This module takes an interdisciplinary approach to reading time, temporality, historicity and durée in twentieth- and early twenty-first-century literature and film. Drawing on theoretical resources from literary criticism, philosophy, political and scientific thought, we will examine canonical and popular modernist and postmodernist literary texts and visual media, considering carefully how theme, narrative and form have responded to reconfigured notions of time.
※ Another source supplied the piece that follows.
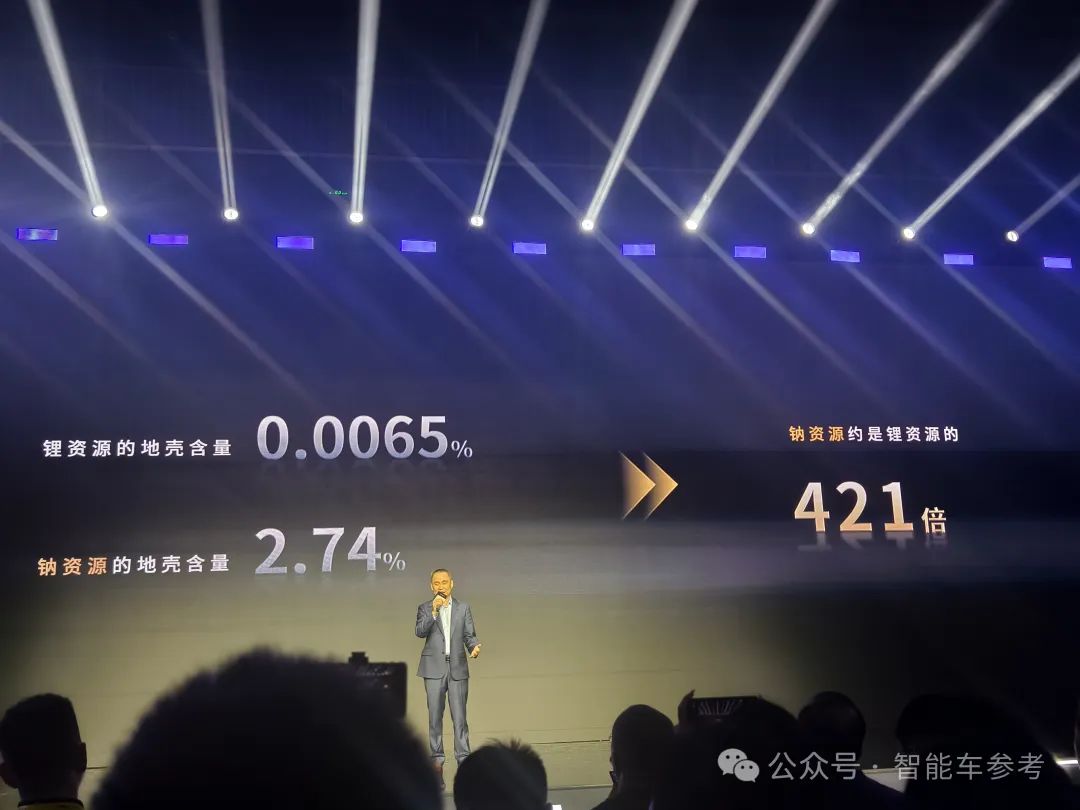 寧德時代也搞“增程”了,小米SU7同級轎車續航1500公里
In particular, we will focus on the political implications of various temporal regimes and the way in which historical uprisings or moments of crisis have been conceived throughout the twentieth century and into the new millennium in temporal terms via conceptualisations of static time, linear time, chaos, contingency, periodicity, messianic apertures and utopian rupture.

You will be encouraged to work in interdisciplinary ways, asking questions of - and making connections between - a broad range of philosophical and aesthetic approaches to one of modernity’s most pressing ontological concerns.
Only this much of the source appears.